London-based mathematician Fry (The Mathematics of Love: Patterns, Proofs, and the Search for the Ultimate Equation, 2015, etc.) ponders thinking machines, the trust we put in them, and the implications for the future.

Forget about the singularity: The thinking machines are already upon us, and they make extraordinarily complex decisions, from how to battle cancer to whether to send someone to jail.
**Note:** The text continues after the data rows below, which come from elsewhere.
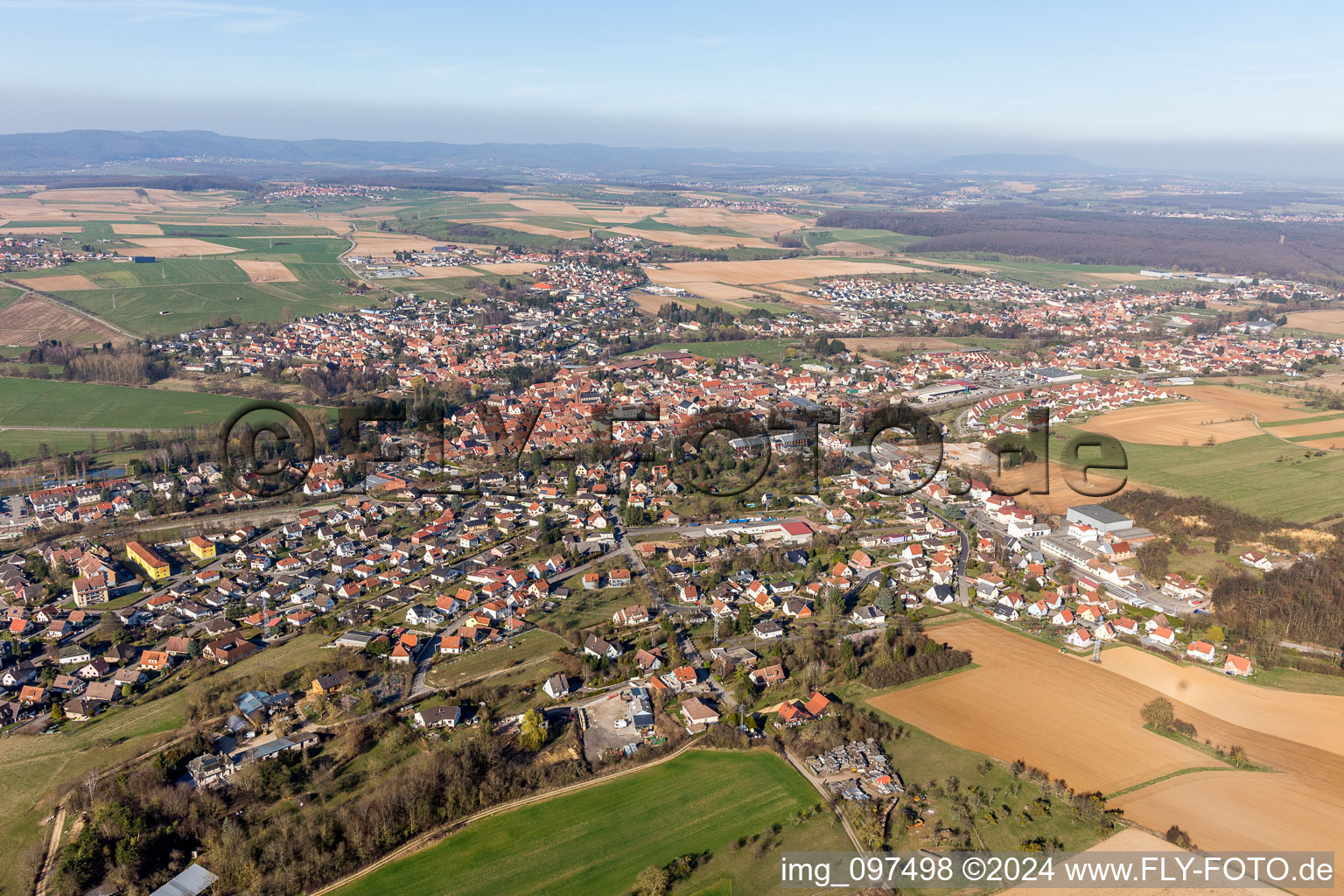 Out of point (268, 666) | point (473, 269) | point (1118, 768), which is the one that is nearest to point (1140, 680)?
point (1118, 768)

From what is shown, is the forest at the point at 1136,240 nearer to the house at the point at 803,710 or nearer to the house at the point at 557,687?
the house at the point at 803,710

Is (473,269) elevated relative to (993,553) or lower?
elevated

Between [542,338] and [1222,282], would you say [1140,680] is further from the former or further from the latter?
[1222,282]

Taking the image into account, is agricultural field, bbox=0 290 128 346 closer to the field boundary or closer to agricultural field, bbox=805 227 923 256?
the field boundary

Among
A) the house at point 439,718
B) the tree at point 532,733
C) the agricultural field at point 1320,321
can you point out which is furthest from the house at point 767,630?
the agricultural field at point 1320,321

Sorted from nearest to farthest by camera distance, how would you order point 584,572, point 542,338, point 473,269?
point 584,572 → point 542,338 → point 473,269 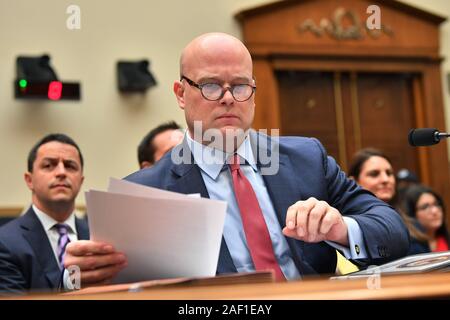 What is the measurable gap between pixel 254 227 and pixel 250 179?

The central question about artificial intelligence and the algorithms that drive it is whether we can trust them to do the right thing, especially if we are ceding decision-making power to mathematical constructs and probabilities. As Fry notes, algorithms alone can push us into some uncomfortable territory—e.g., the sentencing of criminal defendants, a process that, though perhaps driven by an altruistic wish for truly blind justice, puts members of ethnic minorities at a distinct disadvantage: The poorer and less educated a person, in many instances, the more a risk for nonappearance or flight he or she is judged to be. There may be reasons for that failure to show up in court; for one thing, as Fry asks, “do they have access to suitable transport to get there?” Programming the algorithm to account for “societal imbalances” may be one solution, and AI may be able to get around some of the discrimination that would bias a human judge. Still, programmers are people, too. In theory, technology is morally neutral—a drone can be used to take photographs or to kill people—so what really unfolds is what Fry describes at the outset: “Each [algorithm] is inextricably connected to the people who build and use it.” The author writes ably and accessibly of some of the thornier problems, not just in the administration of justice and health care but also in matters like the Bayesian inferences that go into operating driverless cars safely and using algorithms to revise film scripts to “make a movie more profitable at the box office.”

A well-constructed tour of technology and its discontents—timely, too, given the increasing prominence of AI in our daily lives.